_WHAT YOU NEED TO DO_
A verbatim copy of the entries is the required answer.

**********

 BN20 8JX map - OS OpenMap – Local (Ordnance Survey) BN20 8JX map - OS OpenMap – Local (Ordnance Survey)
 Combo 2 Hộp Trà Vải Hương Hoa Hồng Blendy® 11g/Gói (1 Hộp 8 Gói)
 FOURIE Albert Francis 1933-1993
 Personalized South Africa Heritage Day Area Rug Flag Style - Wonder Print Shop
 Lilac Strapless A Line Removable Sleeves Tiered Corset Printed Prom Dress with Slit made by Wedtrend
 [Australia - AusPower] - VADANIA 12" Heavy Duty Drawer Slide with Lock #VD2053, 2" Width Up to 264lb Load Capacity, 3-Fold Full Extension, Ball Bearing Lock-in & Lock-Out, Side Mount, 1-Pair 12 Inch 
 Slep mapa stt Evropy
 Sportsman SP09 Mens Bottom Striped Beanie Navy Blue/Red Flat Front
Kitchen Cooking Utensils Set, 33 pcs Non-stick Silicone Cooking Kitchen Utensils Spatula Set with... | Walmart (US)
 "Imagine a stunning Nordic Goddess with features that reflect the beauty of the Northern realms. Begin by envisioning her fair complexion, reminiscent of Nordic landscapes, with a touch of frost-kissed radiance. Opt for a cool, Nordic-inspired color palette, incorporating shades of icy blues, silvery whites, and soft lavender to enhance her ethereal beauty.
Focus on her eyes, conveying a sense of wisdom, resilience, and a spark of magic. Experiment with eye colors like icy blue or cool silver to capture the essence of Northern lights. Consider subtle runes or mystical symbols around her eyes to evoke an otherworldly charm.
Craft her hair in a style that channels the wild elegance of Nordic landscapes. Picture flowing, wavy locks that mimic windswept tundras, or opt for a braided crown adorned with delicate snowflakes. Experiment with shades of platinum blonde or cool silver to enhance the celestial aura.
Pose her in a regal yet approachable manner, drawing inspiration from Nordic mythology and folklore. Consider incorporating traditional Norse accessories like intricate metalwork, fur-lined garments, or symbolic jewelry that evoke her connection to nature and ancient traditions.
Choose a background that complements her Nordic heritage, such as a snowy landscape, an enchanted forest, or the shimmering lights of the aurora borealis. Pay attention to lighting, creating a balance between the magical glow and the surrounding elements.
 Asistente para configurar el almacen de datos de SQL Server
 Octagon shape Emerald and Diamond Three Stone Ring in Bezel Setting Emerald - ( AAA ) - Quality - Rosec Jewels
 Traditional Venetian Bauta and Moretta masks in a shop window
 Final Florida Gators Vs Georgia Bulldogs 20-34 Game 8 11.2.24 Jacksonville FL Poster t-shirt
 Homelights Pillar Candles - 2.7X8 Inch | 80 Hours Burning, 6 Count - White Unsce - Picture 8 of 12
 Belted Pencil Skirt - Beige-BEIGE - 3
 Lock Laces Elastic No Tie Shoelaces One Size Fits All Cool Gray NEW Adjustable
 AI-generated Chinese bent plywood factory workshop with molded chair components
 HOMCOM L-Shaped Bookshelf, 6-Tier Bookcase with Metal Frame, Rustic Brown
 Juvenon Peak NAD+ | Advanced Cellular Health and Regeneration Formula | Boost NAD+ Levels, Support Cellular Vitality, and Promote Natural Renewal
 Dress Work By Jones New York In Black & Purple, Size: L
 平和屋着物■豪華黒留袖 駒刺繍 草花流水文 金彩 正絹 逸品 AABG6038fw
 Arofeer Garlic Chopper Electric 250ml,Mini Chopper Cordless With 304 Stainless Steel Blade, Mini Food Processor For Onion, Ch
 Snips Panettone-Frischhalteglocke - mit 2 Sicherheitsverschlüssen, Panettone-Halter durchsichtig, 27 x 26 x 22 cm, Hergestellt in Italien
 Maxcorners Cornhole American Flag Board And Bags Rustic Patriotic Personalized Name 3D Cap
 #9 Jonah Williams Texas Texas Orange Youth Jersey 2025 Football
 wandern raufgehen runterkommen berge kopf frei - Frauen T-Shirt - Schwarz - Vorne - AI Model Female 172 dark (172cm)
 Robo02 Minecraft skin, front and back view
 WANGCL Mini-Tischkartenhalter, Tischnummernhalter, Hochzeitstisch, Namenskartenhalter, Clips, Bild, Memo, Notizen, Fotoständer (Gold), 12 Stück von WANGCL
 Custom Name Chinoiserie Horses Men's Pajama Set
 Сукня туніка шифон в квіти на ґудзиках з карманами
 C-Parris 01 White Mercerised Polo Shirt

**********

_ANSWER AREA_
 BN20 8JX map - OS OpenMap – Local (Ordnance Survey) BN20 8JX map - OS OpenMap – Local (Ordnance Survey)
 Combo 2 Hộp Trà Vải Hương Hoa Hồng Blendy® 11g/Gói (1 Hộp 8 Gói)
 FOURIE Albert Francis 1933-1993
 Personalized South Africa Heritage Day Area Rug Flag Style - Wonder Print Shop
 Lilac Strapless A Line Removable Sleeves Tiered Corset Printed Prom Dress with Slit made by Wedtrend
 [Australia - AusPower] - VADANIA 12" Heavy Duty Drawer Slide with Lock #VD2053, 2" Width Up to 264lb Load Capacity, 3-Fold Full Extension, Ball Bearing Lock-in & Lock-Out, Side Mount, 1-Pair 12 Inch 
 Slep mapa stt Evropy
 Sportsman SP09 Mens Bottom Striped Beanie Navy Blue/Red Flat Front
Kitchen Cooking Utensils Set, 33 pcs Non-stick Silicone Cooking Kitchen Utensils Spatula Set with... | Walmart (US)
 "Imagine a stunning Nordic Goddess with features that reflect the beauty of the Northern realms. Begin by envisioning her fair complexion, reminiscent of Nordic landscapes, with a touch of frost-kissed radiance. Opt for a cool, Nordic-inspired color palette, incorporating shades of icy blues, silvery whites, and soft lavender to enhance her ethereal beauty.
Focus on her eyes, conveying a sense of wisdom, resilience, and a spark of magic. Experiment with eye colors like icy blue or cool silver to capture the essence of Northern lights. Consider subtle runes or mystical symbols around her eyes to evoke an otherworldly charm.
Craft her hair in a style that channels the wild elegance of Nordic landscapes. Picture flowing, wavy locks that mimic windswept tundras, or opt for a braided crown adorned with delicate snowflakes. Experiment with shades of platinum blonde or cool silver to enhance the celestial aura.
Pose her in a regal yet approachable manner, drawing inspiration from Nordic mythology and folklore. Consider incorporating traditional Norse accessories like intricate metalwork, fur-lined garments, or symbolic jewelry that evoke her connection to nature and ancient traditions.
Choose a background that complements her Nordic heritage, such as a snowy landscape, an enchanted forest, or the shimmering lights of the aurora borealis. Pay attention to lighting, creating a balance between the magical glow and the surrounding elements.
 Asistente para configurar el almacen de datos de SQL Server
 Octagon shape Emerald and Diamond Three Stone Ring in Bezel Setting Emerald - ( AAA ) - Quality - Rosec Jewels
 Traditional Venetian Bauta and Moretta masks in a shop window
 Final Florida Gators Vs Georgia Bulldogs 20-34 Game 8 11.2.24 Jacksonville FL Poster t-shirt
 Homelights Pillar Candles - 2.7X8 Inch | 80 Hours Burning, 6 Count - White Unsce - Picture 8 of 12
 Belted Pencil Skirt - Beige-BEIGE - 3
 Lock Laces Elastic No Tie Shoelaces One Size Fits All Cool Gray NEW Adjustable
 AI-generated Chinese bent plywood factory workshop with molded chair components
 HOMCOM L-Shaped Bookshelf, 6-Tier Bookcase with Metal Frame, Rustic Brown
 Juvenon Peak NAD+ | Advanced Cellular Health and Regeneration Formula | Boost NAD+ Levels, Support Cellular Vitality, and Promote Natural Renewal
 Dress Work By Jones New York In Black & Purple, Size: L
 平和屋着物■豪華黒留袖 駒刺繍 草花流水文 金彩 正絹 逸品 AABG6038fw
 Arofeer Garlic Chopper Electric 250ml,Mini Chopper Cordless With 304 Stainless Steel Blade, Mini Food Processor For Onion, Ch
 Snips Panettone-Frischhalteglocke - mit 2 Sicherheitsverschlüssen, Panettone-Halter durchsichtig, 27 x 26 x 22 cm, Hergestellt in Italien
 Maxcorners Cornhole American Flag Board And Bags Rustic Patriotic Personalized Name 3D Cap
 #9 Jonah Williams Texas Texas Orange Youth Jersey 2025 Football
 wandern raufgehen runterkommen berge kopf frei - Frauen T-Shirt - Schwarz - Vorne - AI Model Female 172 dark (172cm)
 Robo02 Minecraft skin, front and back view
 WANGCL Mini-Tischkartenhalter, Tischnummernhalter, Hochzeitstisch, Namenskartenhalter, Clips, Bild, Memo, Notizen, Fotoständer (Gold), 12 Stück von WANGCL
 Custom Name Chinoiserie Horses Men's Pajama Set
 Сукня туніка шифон в квіти на ґудзиках з карманами
 C-Parris 01 White Mercerised Polo Shirt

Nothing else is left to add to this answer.